ENSEIGNEMENT par André Degorces
« Doctrine sociale de l’Église » … Que des gros mots ! ?
Pour commencer … je désire partager trois passages de la Parole de Dieu.
D’autres lectures … viendront ensuite …
Courage !
Nous allons trouver dans tout cela des mots à partager sur le « discours social de l’Église ».
Oui, « discours ». Comme d’autres, je préfère l’expression « Discours social de l’Église » à celle de
« Doctrine sociale de l’Église ». Le mot « discours » indique que l’Église est en dialogue.
Un dialogue qui est toujours nourri des prises de paroles, des papes, des évêques, des mouvements
et d’associations de chrétiens.
D’abord quelques versets du livre du Lévitique. (écrit entre les 16 et 12èmes siècles avant Jésus-
Christ …)
« Si ton frère devient pauvre chez toi et que les ressources lui manquent,
tu le soutiendras, même si c’est un immigré ou un résident temporaire,
afin qu’il puisse vivre chez toi. » (Lev 25, 25…)

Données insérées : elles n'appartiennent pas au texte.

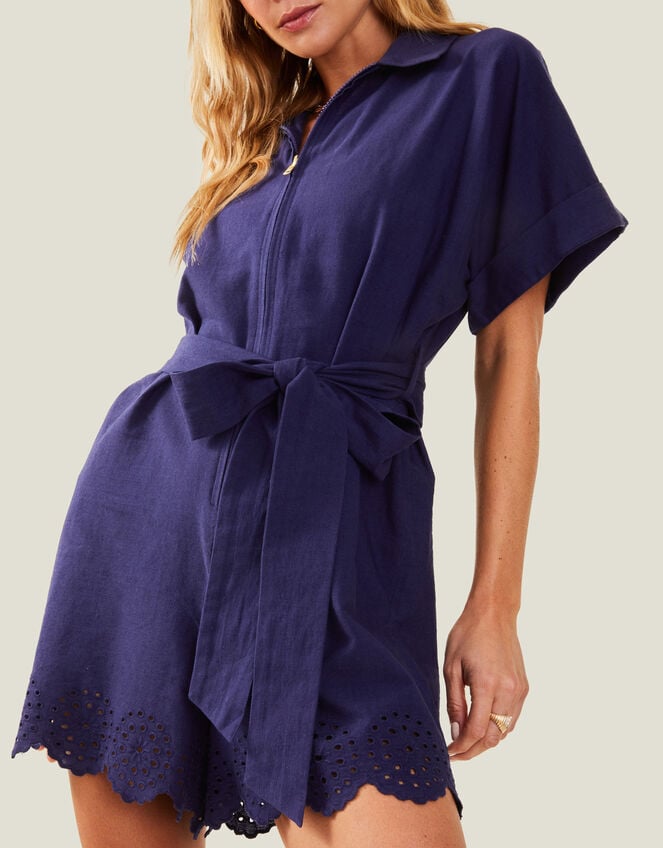 Broderie Belted Playsuit, Blue (NAVY), large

Puis, une dizaine de siècles plus tard, Jésus s’adresse à ses disciples.
L’évangéliste St Matthieu (chap. 25) rapporte des mots de Jésus que nous connaissons bien.

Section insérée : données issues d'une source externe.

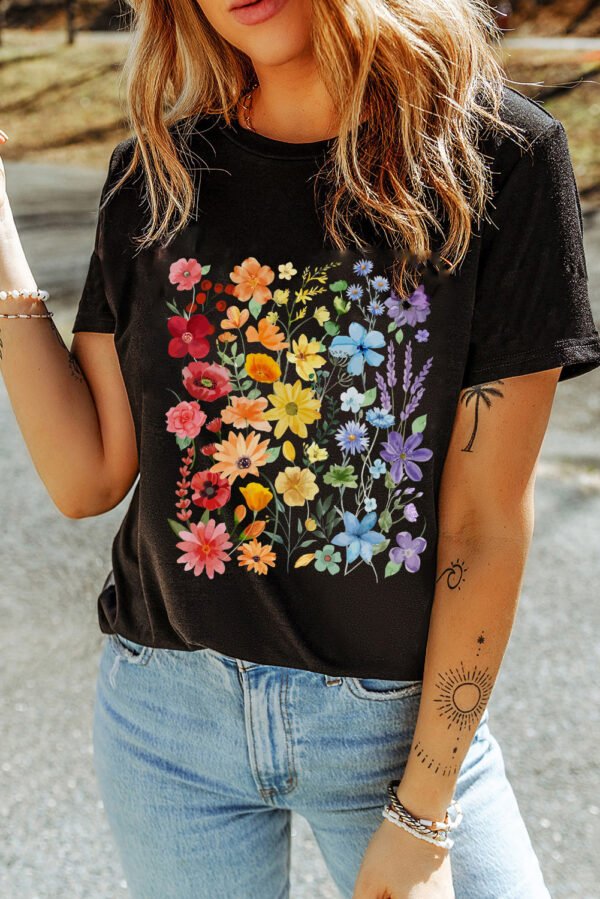 Black Beautiful Flower Print Cotton Blend Casual Tee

Sous ce titre dans nos bibles « le jugement dernier » ou bien sous cet autre titre « l’humanité entière
jugée sur l’accueil des petits ».
« Venez, les bénis de mon Père, recevez en partage le Royaume qui a été préparé pour vous
depuis la fondation du monde.
Car j’ai eu faim et j’ai eu soif … et vous m’avez donné à manger… à boire ;
j’étais un étranger … malade … nu … en prison … et vous m’avez vêtu …visité recueilli …. …
Chaque fois que vous l’avez fait à l’un de ces plus petits qui sont mes frères, c’est à moi que
vous l’avez fait ! » – dit Jésus.
Troisième texte … Dès le 1er siècle, c’est l’apôtre Saint Jacques qui écrit :
« Écoutez -moi, vous, les gens riches ! … Vos richesses sont pourries, vos vêtements sont
mangés des mites, votre or et votre argent sont rouillés. …
Des travailleurs ont moissonné vos terres, et vous ne les avez pas payés ; … » (Jacques, 5, 1 …)
Jacques vise d’abord les grandes fortunes de son temps, bien sûr ….
Mais, nous pouvons nous interroger : comment s’adresse t’il à nous, à moi ?
Après ces trois sources, ceux que nous nommons les « Pères de l’Église » au 4ème siècle ne sont pas
restés silencieux … Je lis … :
– St Jean Chrysostome :
« Donne du pain et tu recevras le paradis.
Lave les mains de ton âme avec l’aumône. »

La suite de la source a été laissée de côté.